“The way they was standing, looking around. Nervous, you know? And the… I dunno. I just didn’t like the look of them.”
“Okay. So then what happened?”
“Then they split up. The one stayed in front, and the short fat guy came toward the back, toward here. That was funny.”
“You had finished mopping the spill by then?” Harris asked.
“Yeah. Right. So I pushed the bucket back into the kitchen. And then I looked through the window and saw…”
“The window in the right door, the In door?” Harris asked, pointing.
“Yeah,” Amal al Zaid said. “And I saw him take off his shade-”
“His glasses?” Harris interrupted. “Double-A Zee, I don’t remember you saying anything before about him wearing glasses.”
“Not glasses, his shade.”
When he saw the lack of understanding on Harris’s face, Amal al Zaid explained patiently, almost tolerantly: “You know, like a baseball cap, without a top.”
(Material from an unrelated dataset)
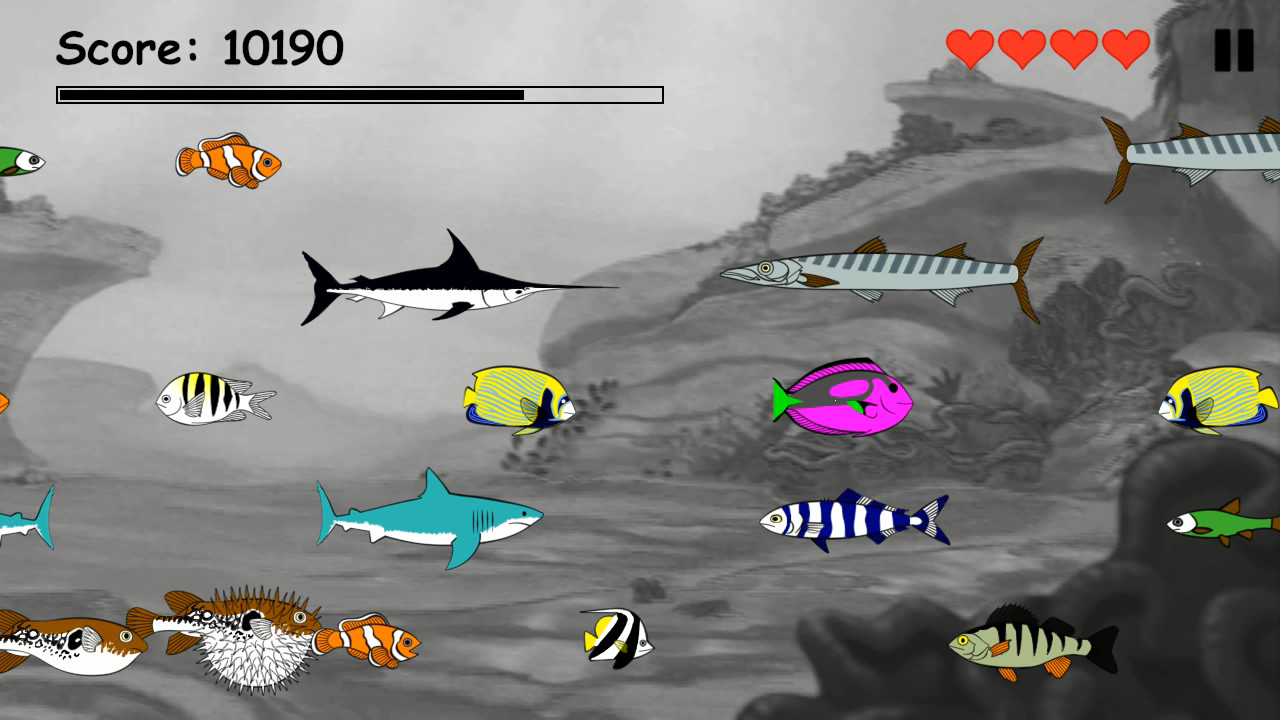 Hungry Fish Evolution screenshot 5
“Oh,” Harris said, understanding.
“The shade part was in the back,” Amal al Zaid went on. He pointed at his neck. “I guess it got in his way.”
“How was that?” Washington asked, softly.
“The wall,” Amal al Zaid said. “He was sitting where you are. That cushion is against the wall.” He pointed. “I guess when he sat down, his shade bumped into the wall. Anyway, he took it off.”
“Okay,” Harris said. “I’m a little dense. Then what happened?”
“Tony, would you hand me Mickey’s pictures?” Washington asked.
“Any particular one?”
“Better let me have all of them.”
“I thought,” Amal al Zaid said, “the last time, you told me he took only one picture of these guys.”
“There was only one image, Double-A Zee,” Washington explained. “But they made a number of different prints, trying to see if they could come up with something useful. You know, they blew up different parts of the picture.”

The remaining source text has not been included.